The first line of the entries is where the copy starts and the line with "正版书籍 新华书店旗舰店文轩官网 知识出版社等" is where it ends; set down each line exactly, both ends included, and drop pictures.

────────

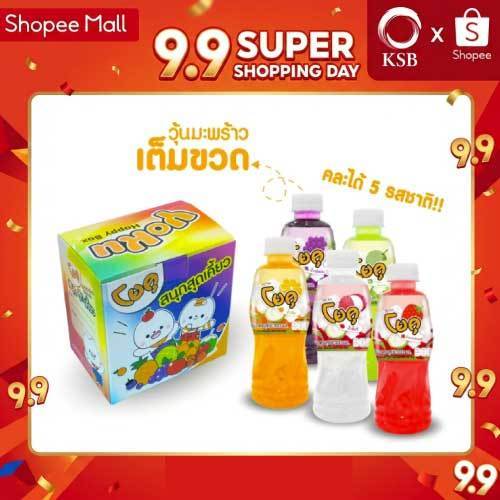 โยคุ น้ำผลไม้ผสมวุ้นมะพร้าว คละรสชาติ 300ml ส้ม สตรอว์เบอร์รี่ เมลอน องุ่น ลิ้นจี่ (6ขวด/1แพ็ก)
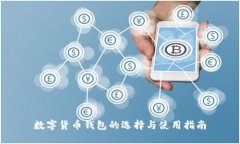 数字货币钱包的选择与使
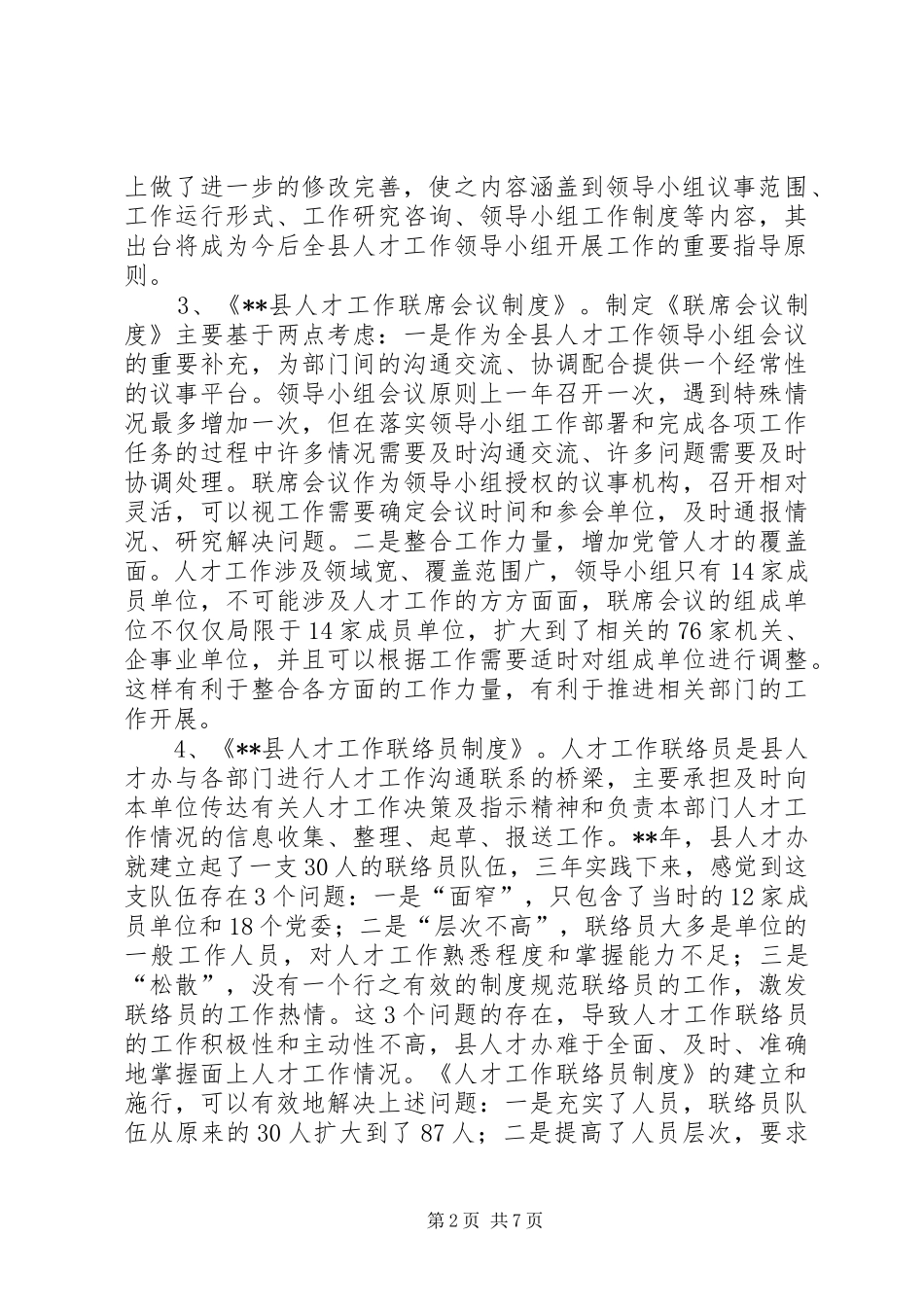 人才工作领导小组会议讲话发言_第2页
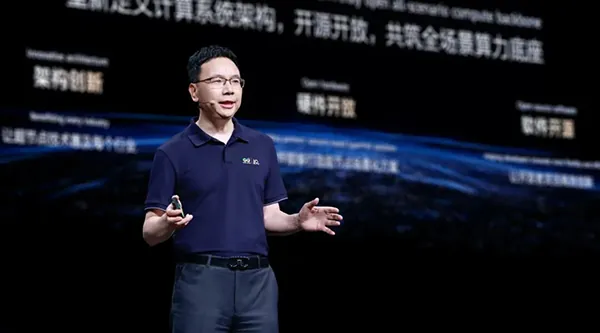 超节点架构创新，开源开放共筑全场景算力底座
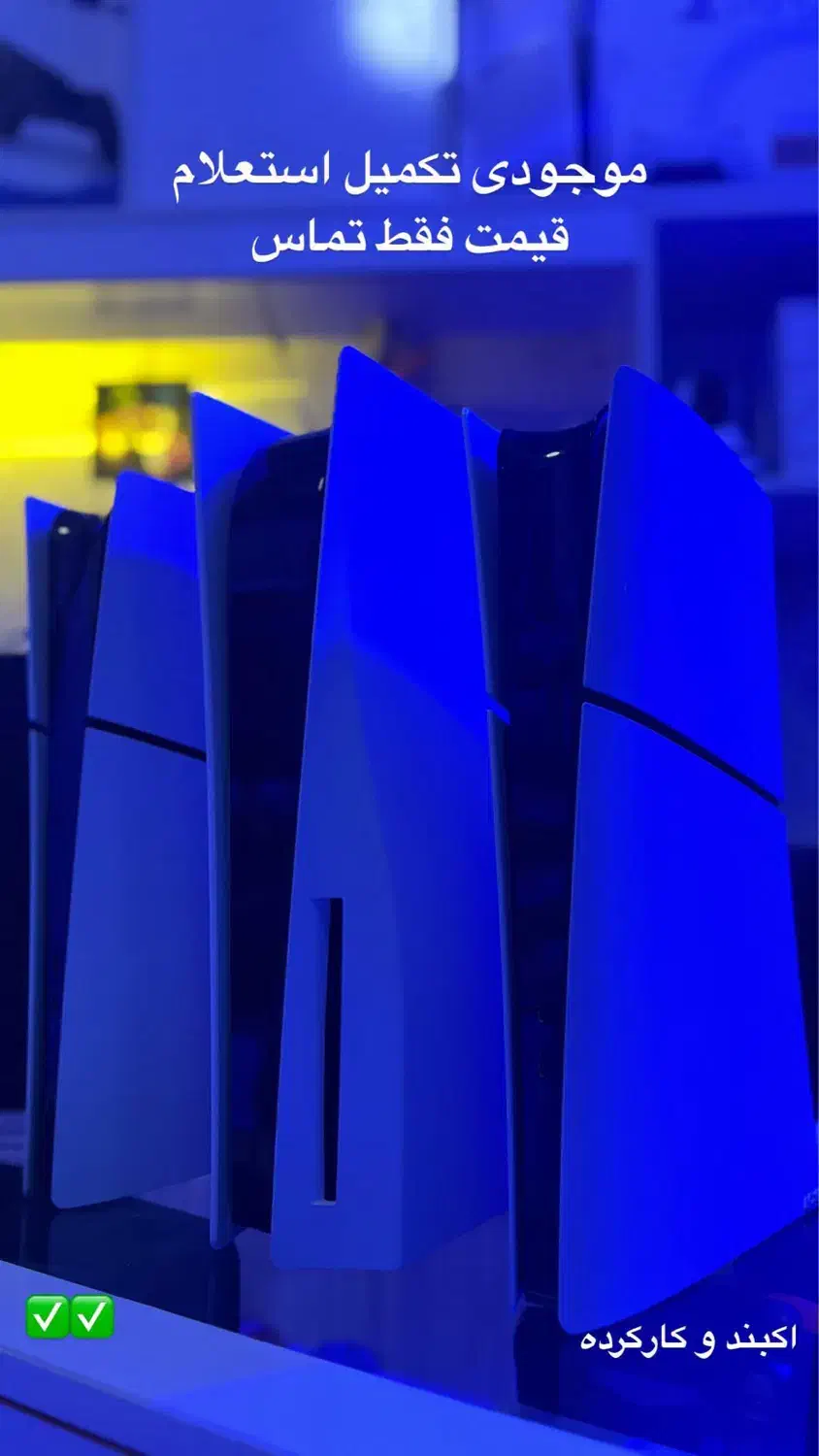 Ps5  Standard +Game|کنسول، بازی ویدئویی و آنلاین|رشت, معلم|دیوار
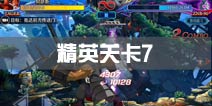 苍翼之刃精英7关卡攻略 精英7关卡怎么过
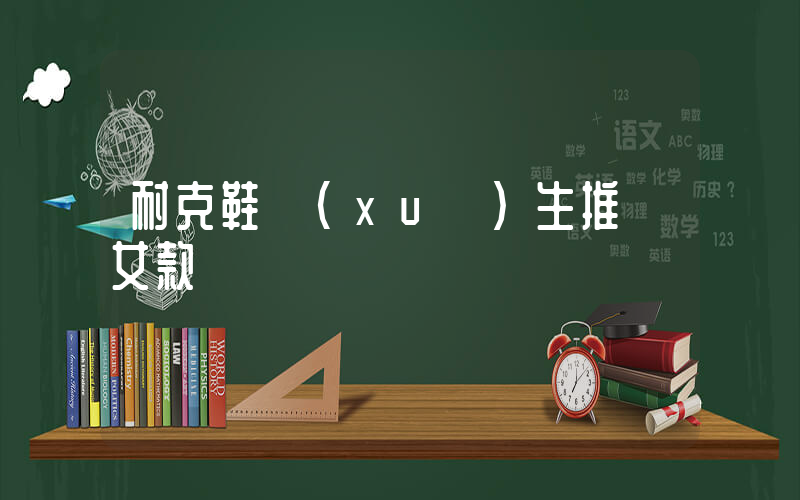 耐克鞋學(xué)生推薦女款插圖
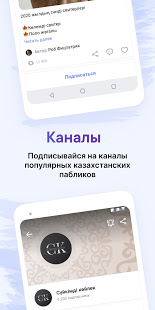 Aitu Superapp скриншот 6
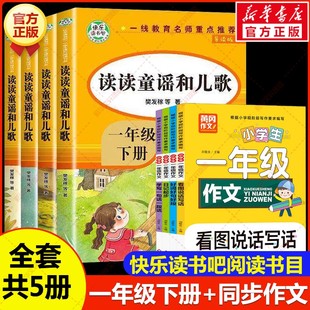【新华文轩】快乐读书吧一年级下册读童谣和儿歌+同步作文 樊发稼 等 正版书籍 新华书店旗舰店文轩官网 知识出版社等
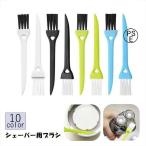 シェーバー用ブラシ 5個セット シェーバー用アクセサリー メンテナンス用品 髭剃り ひげそり ヒゲ剃り 電気シェーバー ボディケア 交換 部品 買い替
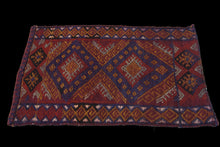 Lade das Bild in den Galerie-Viewer, Authentic original hand knotted Kilim / kelem / Cicim 77x55 CM
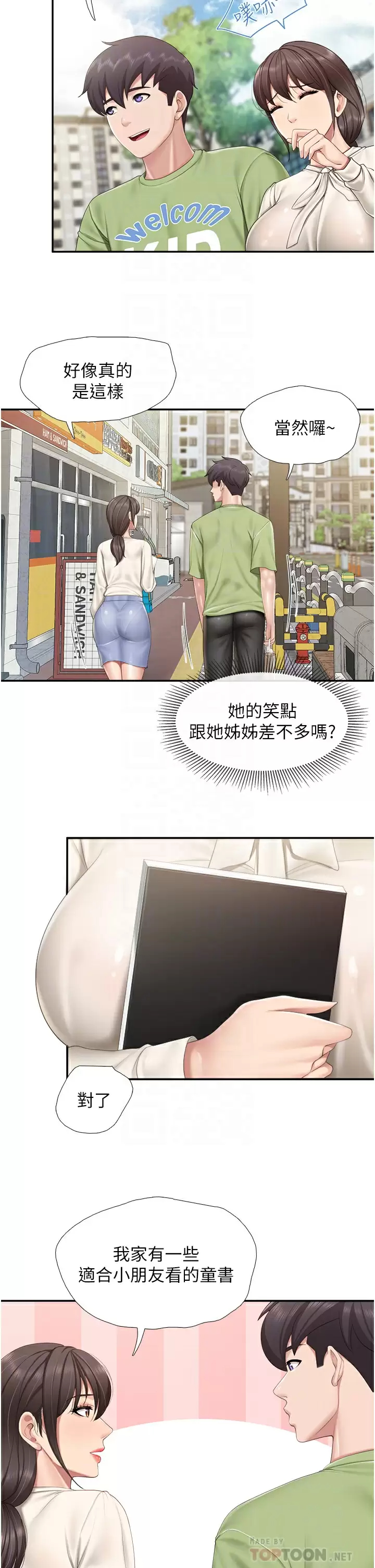 [韩国漫画] 亲子餐厅的妈妈们 剧情,熟女人妻,巨乳大奶#[30P]-18
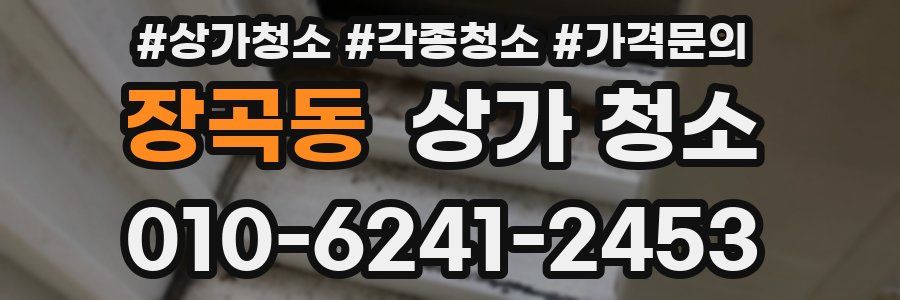 장곡동 상가 청소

────────

* Written response
 โยคุ น้ำผลไม้ผสมวุ้นมะพร้าว คละรสชาติ 300ml ส้ม สตรอว์เบอร์รี่ เมลอน องุ่น ลิ้นจี่ (6ขวด/1แพ็ก)
 数字货币钱包的选择与使
 人才工作领导小组会议讲话发言_第2页
 超节点架构创新，开源开放共筑全场景算力底座
 Ps5  Standard +Game|کنسول، بازی ویدئویی و آنلاین|رشت, معلم|دیوار
 苍翼之刃精英7关卡攻略 精英7关卡怎么过
 耐克鞋學(xué)生推薦女款插圖
 Aitu Superapp скриншот 6
【新华文轩】快乐读书吧一年级下册读童谣和儿歌+同步作文 樊发稼 等 正版书籍 新华书店旗舰店文轩官网 知识出版社等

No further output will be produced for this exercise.